Kernel panic with Jool v3.5.6 (kernel BUG at .../skbuff.h:1826)

toreanderson commented 7 years ago

Within 24 hours of each other two of our SIIT-DC BRs running SIIT Jool v3.5.2 on Ubuntu 14.04.5 with kernel 4.4.0-51-generic panicked in a very similar fashion. They had both been running stable for over half a year, so the incidents are highly suspect. Possibly another «packet of death» issue akin to issue #232?

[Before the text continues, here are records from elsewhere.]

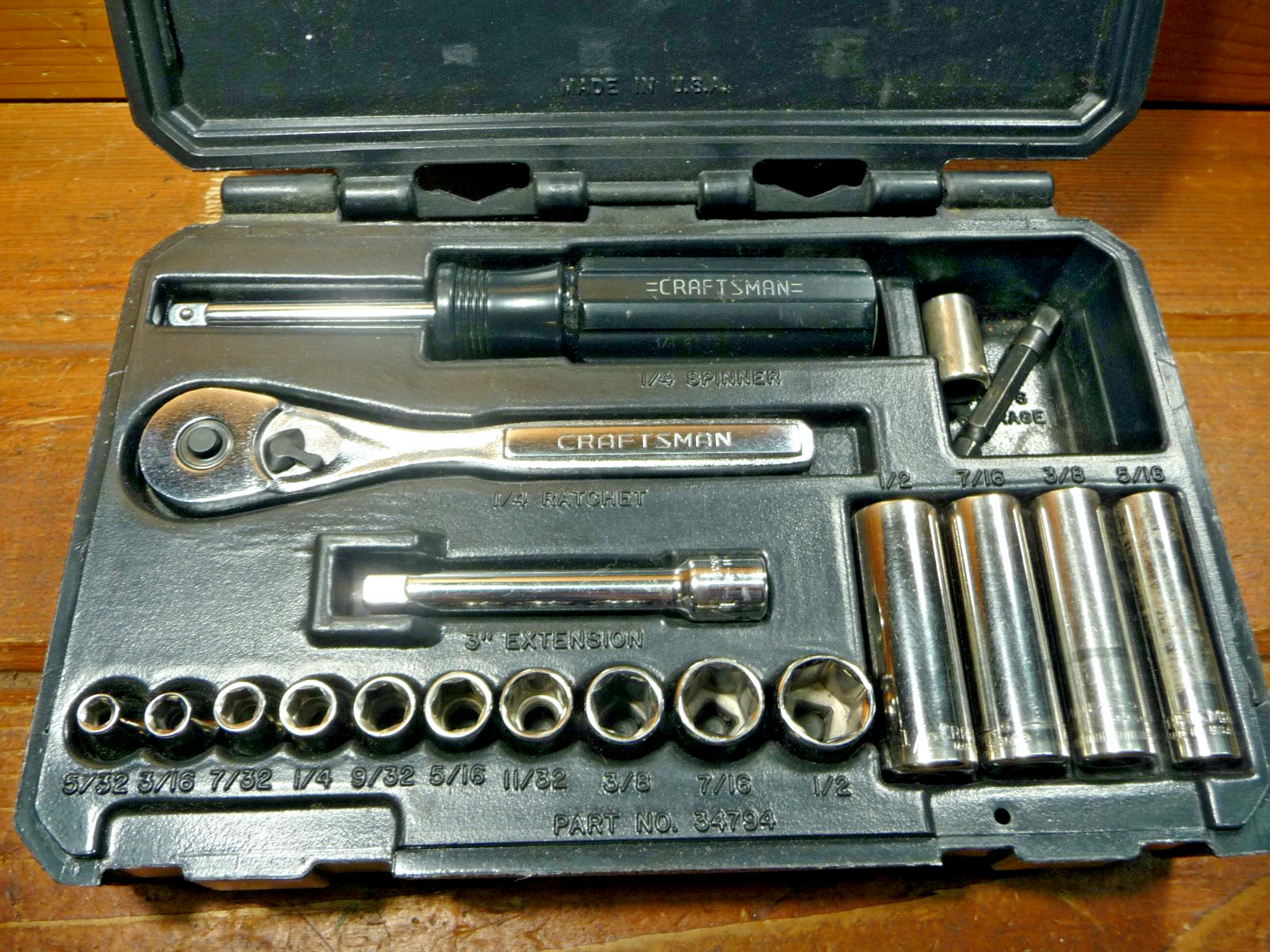 Vintage Craftsman 17 pc Socket Ratchet Portable Set Standard No. 34794 Sockets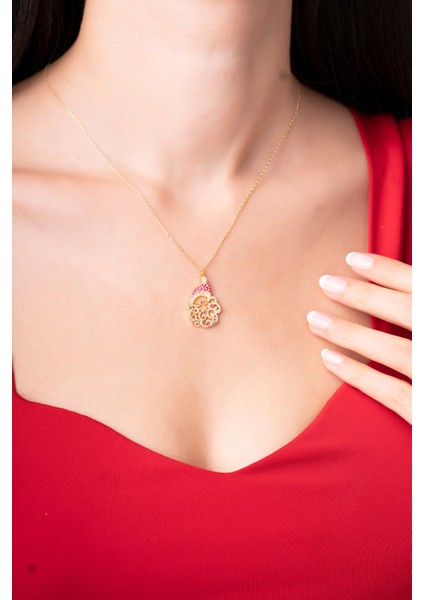 925 Ayar Gümüş Zincirli Noel Baba Kadın Kolye fiyatları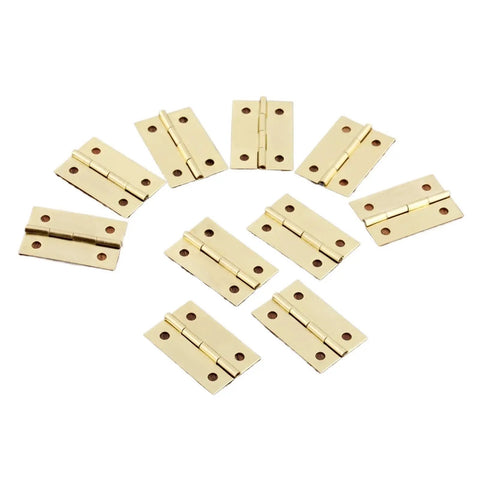 Rotating Concealed Hinges 10 Pack For Jewelry Boxes And Furniture Cabinets, 4 Hole Hidden Box Hinges 35x22mm displayed in circular arrangement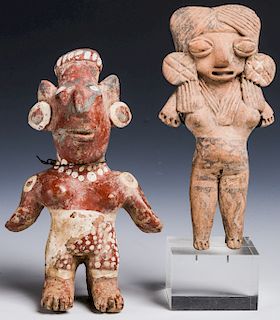 2 Pre-Columbian Figures, Mexico, 100 BC - 300 AD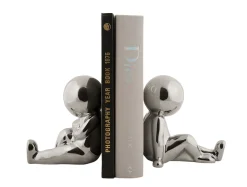 Present time - Bookend Joey ceramic chrome plated, Set of 2pcs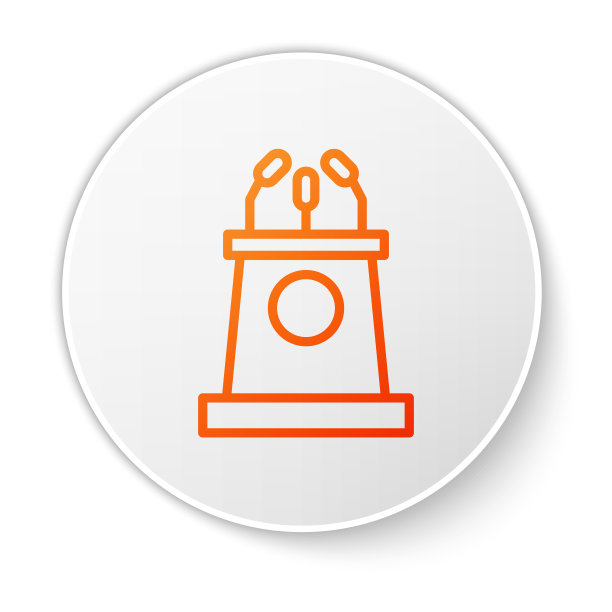 橙色线讲台或辩论讲台图片下载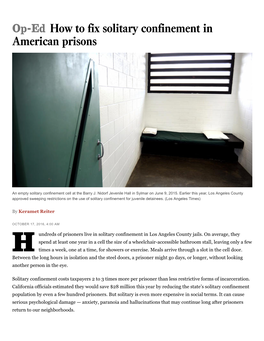 Op-Ed How to Fix Solitary Confinement in American Prisons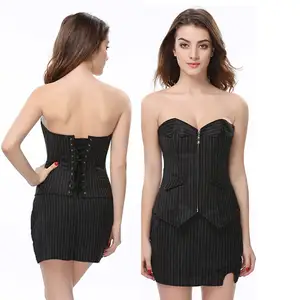 Đen Corset Sexy Lady cộng với kích thước phía trước Zip ren lên overbust Corset phù hợp với g chuỗi văn phòng Ăn mặc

The only information I have about it is the traces that were output to the serial console as they crashed:

Trace from SIIT-DC BR 1 Trace from SIIT-DC BR 2

Tore

ydahhrk commented 7 years ago

Fun times ahead. ^^"

Thanks. It's pretty safe to assume that it crashed here. The line is saying "throw a panic if len is less than data_len". The fact that data_len was nonzero (as both fields are unsigned) implies that the packet was paged. Whether a packet is paged or not depends on random factors, which unfortunately means that this is not likely going to be as deterministic as 242. But at least the bug can be traced back to very few packet fields.

When did you update to 3.5.2?

toreanderson commented 7 years ago

I upgraded on the 6th of December 2016 (to fix #232). Both servers had been running stable since then.

ydahhrk commented 7 years ago

Sorry; I'm still completely empty-handed. I didn't find anything strange by reviewing the code, and the new unit test reports nothing but happiness.

I'm wondering if you might be willing to run a custom version of 3.5.2 that would, instead of crashing, dump a bunch of additional information in the log and drop the packet. The reason why I'm hesitant to commit this enhancement to 3.5.4 is because the changes needed to pull this off are kernel-aware, and might therefore introduce new issues in other kernels.

(I'm probably being a crybaby. This kernel code hasn't changed at all for many years, and likely won't either for a long time...)

Did you update Jool to 3.5.3, and the kernel to the latest generic after the crash? If so, would you rather branch these changes off 3.5.3 instead of 3.5.2?

Aside:

When you say "within 24 hours of each other", could this by any chance be roughly the same amount of time that separated their activation? ie. Did you start the first BR, and then after 24 hours start the second one?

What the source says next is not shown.